O jogador está sem jogar desde maio, quando foi proibido pela Justiça de atuar tanto com a camisa do Palmeiras quanto com a do Fluminense.

A novela que envolve o meia e as equipes começou em dezembro do ano passado, quando ele processou o time tricolor carioca, pedindo rescisão do contrato ao alegar atrasos em direitos trabalhistas. Em janeiro, o clube quitou os débitos para evitar a ação, mas o processo continuou tramitando.

Ainda em janeiro, após alguns andamentos judiciais, o Palmeiras anunciou a contratação do atleta.
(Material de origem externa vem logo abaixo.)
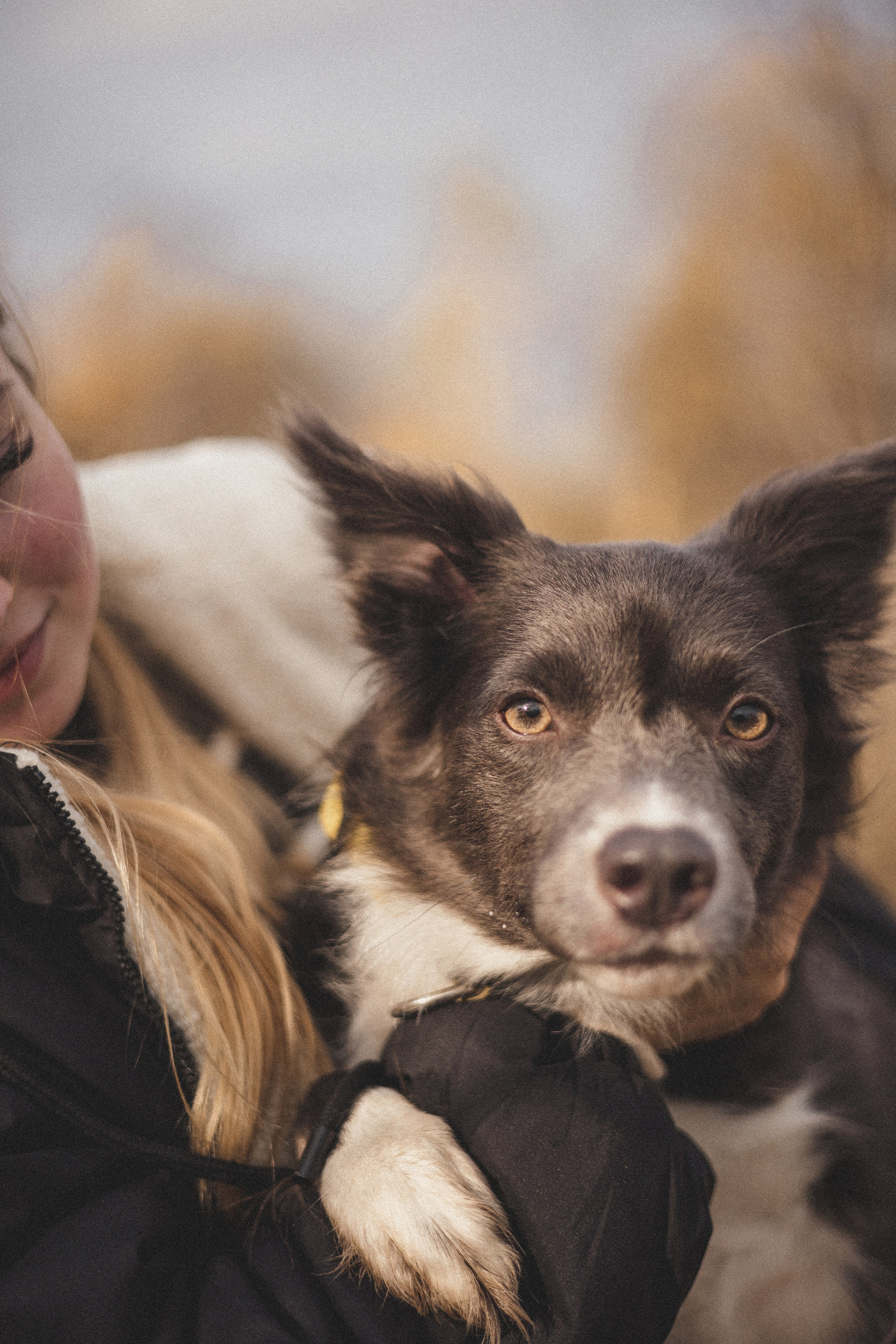 Даша и Дже. Фотограф-анималист Богданова Полина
Em 4 de fevereiro ele estreou. Em 15 de março, desembargadores do TRT-RJ cassaram a liminar que liberava Gustavo Scarpa para assinar com outro clube. Em maio, depois de alguns recursos, o jogador ficou proibido de atuar tanto pelo Palmeiras quanto pelo Fluminense.

E o capítulo mais recente desse imbróglio judicial aconteceu na última segunda-feira, quando Gustavo Scarpa ganhou liminar que o liberou do Fluminense. A defesa do atleta argumentou que ele estava sendo obrigado a trabalhar pelo empregador contra a sua vontade, o que caracterizaria uma violência psicológica, além da dívida de R$ 735 mil, referentes a atrasados do FGTS, direitos de imagem, 13.º, férias e salários.